- Born: c. 1781 present-day Marin County, California, U.S.
- Died: March 15, 1839 Mission San Rafael Arcángel, California, U.S.
- Occupation: Chief of Licatiut
- Spouse(s): (1) Marina Mottiqui, (2) Dona, (3) Juana

= Chief Marin =

Amerindian tribal leader

Chief Marin (c. 1781 – March 15, 1839) was the "great chief of the tribe Licatiut" (a branch of Coast Miwok native to present-day Marin County, California), according to General Vallejo's semi-historical report to the first California State Legislature in 1850. Historical records indicate that he was baptized as a young man at Mission San Francisco de Asís (of San Francisco, California) in 1801 and eventually moved to Mission San Rafael Arcángel (of San Rafael), where he was an alcalde in the 1820s. Marin died on March 15, 1839, of natural causes. Marin County and the Marin Islands are believed to be named in his honor.

==Biography==

Marin first appears in the historical record on March 7, 1801, when he was baptized as Marino at Mission San Francisco de Asís, and also married on the same day to Marina Mottiqui. The recorder wrote in the baptismal register that he was about twenty years old ("como de 20"), that his native name was Huicmuse and that he came from the Huimen local tribe. The identities of his parents were not provided, typical of Franciscan baptismal entries for adult Indians.

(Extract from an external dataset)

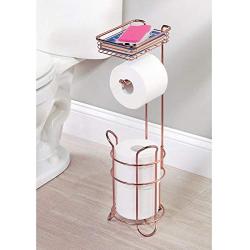 mDesign Freestanding Metal Wire Toilet Paper Roll Holder Stand and Dispenser with Storage Shelf for Cell, Mobile Phone - Bathroom Storage Organization - Holds 3 Mega Rolls - Rose Gold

The young man's new wife Marina died the next year on July 17, 1802. He subsequently remarried to a woman named Dona (or Doda) on Sept 26, 1802, at the same mission. She died August 10, 1817. His third and final recorded marriage was to Juana, in the same mission, and records show she was baptized on August 28, 1816.

In subsequent mission records, the Chief appeared as a godparent, a parent (once, a son died at birth), and a widower in the death records of his wives. His name was spelled variously Marin or Marino.

General Vallejo gave Marin very early credence in 1850 as the "great chief of the tribe Licatiut", and the one the County of Marin is named after. Vallejo headed the committee that named the counties. He commented in a semi-historical report on the origins of County names to the first California State Legislature in 1850:

"Marin. This is the name of the great chief of the tribe Licatiut....In the year 1815 or 1816 a military expedition proceeded to explore the country north of the bay of San Francisco, and on returning by the Petaluma Valley an engagement ensued with Marin, in which he was made prisoner and conducted to the station at San Francisco, from which he escaped, and again reaching Petaluma, he united his scattered forces, and thence- forward dedicated his most strenuous efforts to harass the troops in their hostile incursions into that part of the country....but was again taken captive to San Francisco in 1824; whence being set at liberty, he retired to the mission of San Rafael, and there died in 1834." -- General Vallejo, 1850

This report is considered semi-historical. It puts the chief as a (prisoner) resident of the San Francisco mission about 1816/17. Mission records show in those years, his second wife Dona died there, and he married his third wife, Juana.

His death is recorded at the San Rafael Mission.

==Legends==

Several late nineteenth-century historians, such as Alexander Taylor and Hubert Howe Bancroft, repeated unsubstantiated stories to the effect that Marin and some other chiefs were light-skinned, intelligent, and leaders because they were descendants of a Spaniard from a shipwrecked galleon. Goerke, who has recently brought together the factual and mythic details of Marin's life, states, "Assumptions that such a lineage made them qualified to be leaders were examples of nineteenth-century racism and ethnocentrism."